◆ EXERCISE DETAILS:
What you return should match every record exactly, with the images removed.

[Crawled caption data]
◇ ◇ ◇

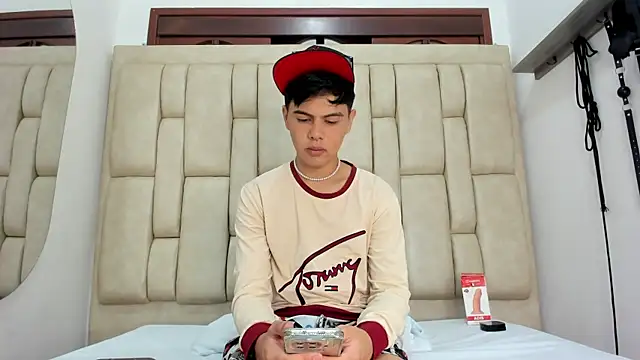 Snapshot of Felipe_Cold chatting on 19, 11, 2025 Felipe Cold online show from 19, 11, 2025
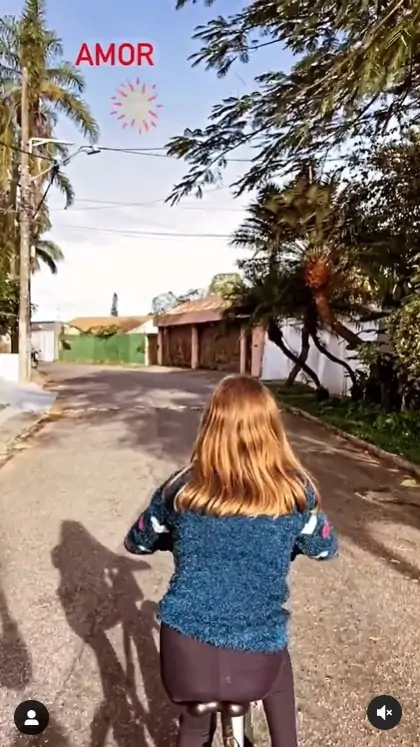 Cauã Reymond mostrou sua filha passeando de bicicleta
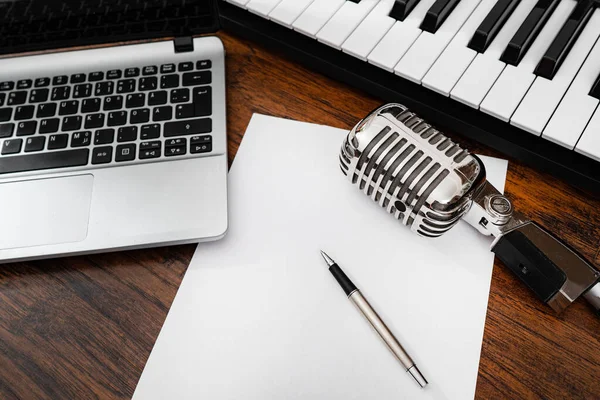Muziekstudio Apparatuur Wit Papier Met Pen Songwriting Concept — Stockfoto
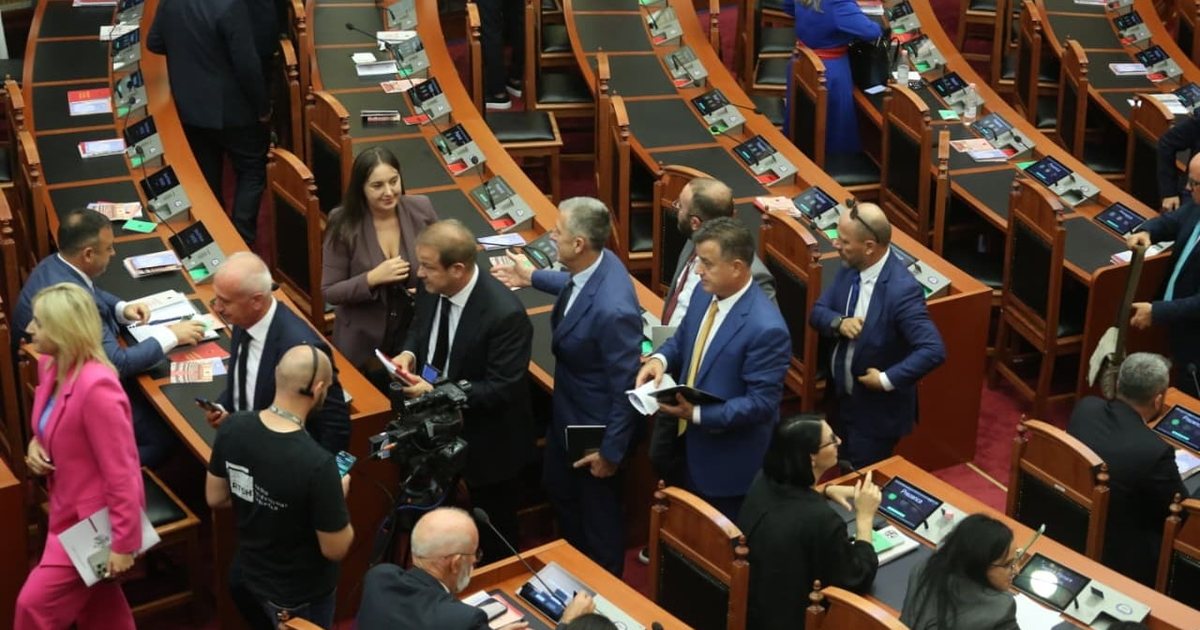 Opozita me tre Grupe Parlamentare…’qoka’ e radhës i takon Mediut! Mesila Doda ‘tradhton’ Berishën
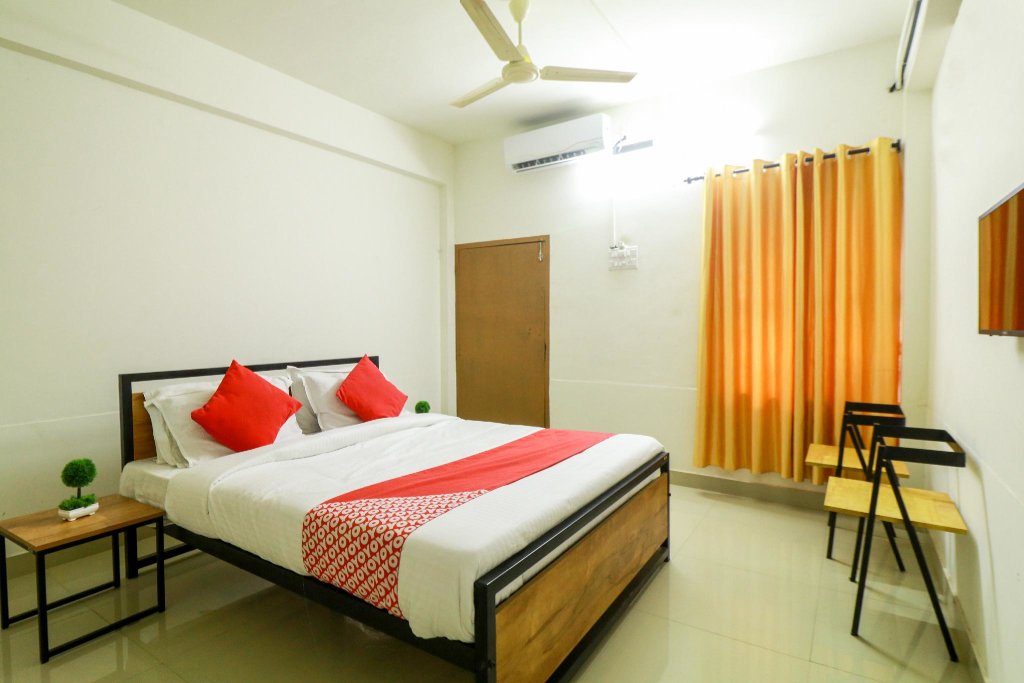 Delma Residency by OYO Rooms exterior
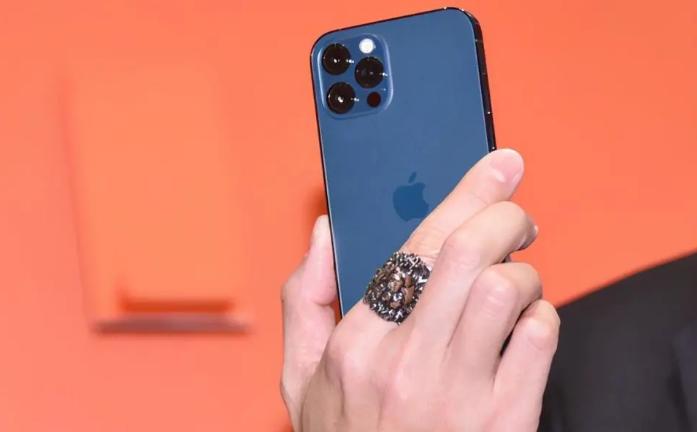 章丘苹果手机维修分享iPhone12系列重启方法教程 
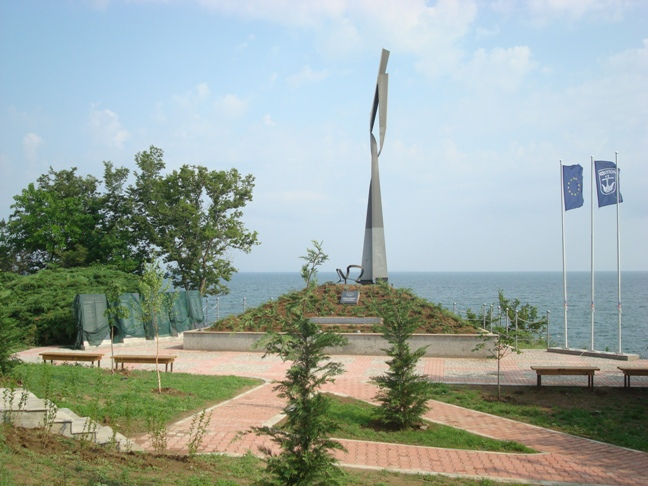 Памятник погибшим советским подводникам близ Созопола (Болгария).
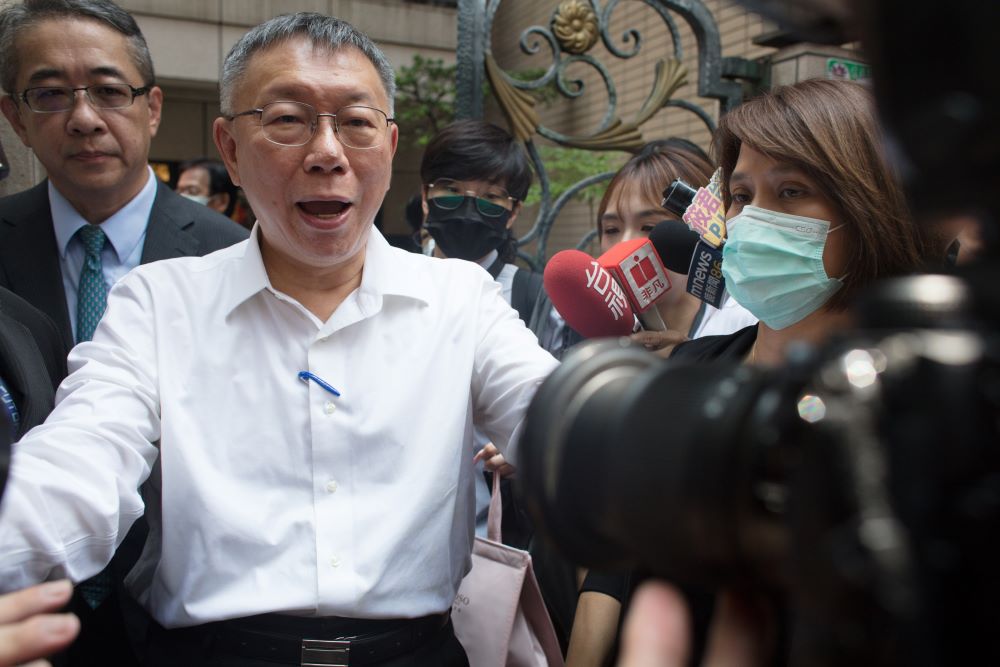 蓋章、簽字、授意的市長柯文哲，喊著不知情的時候獲得無保請回，然後現在檢方企圖控告的竟然是資深事務官，這是一場鬧劇，也是一場都市計畫的悲劇。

◇ ◇ ◇

◆ EXERCISE SOLUTION:
 Snapshot of Felipe_Cold chatting on 19, 11, 2025 Felipe Cold online show from 19, 11, 2025
 Cauã Reymond mostrou sua filha passeando de bicicleta
Muziekstudio Apparatuur Wit Papier Met Pen Songwriting Concept — Stockfoto
 Opozita me tre Grupe Parlamentare…’qoka’ e radhës i takon Mediut! Mesila Doda ‘tradhton’ Berishën
 Delma Residency by OYO Rooms exterior
 章丘苹果手机维修分享iPhone12系列重启方法教程 
 Памятник погибшим советским подводникам близ Созопола (Болгария).
 蓋章、簽字、授意的市長柯文哲，喊著不知情的時候獲得無保請回，然後現在檢方企圖控告的竟然是資深事務官，這是一場鬧劇，也是一場都市計畫的悲劇。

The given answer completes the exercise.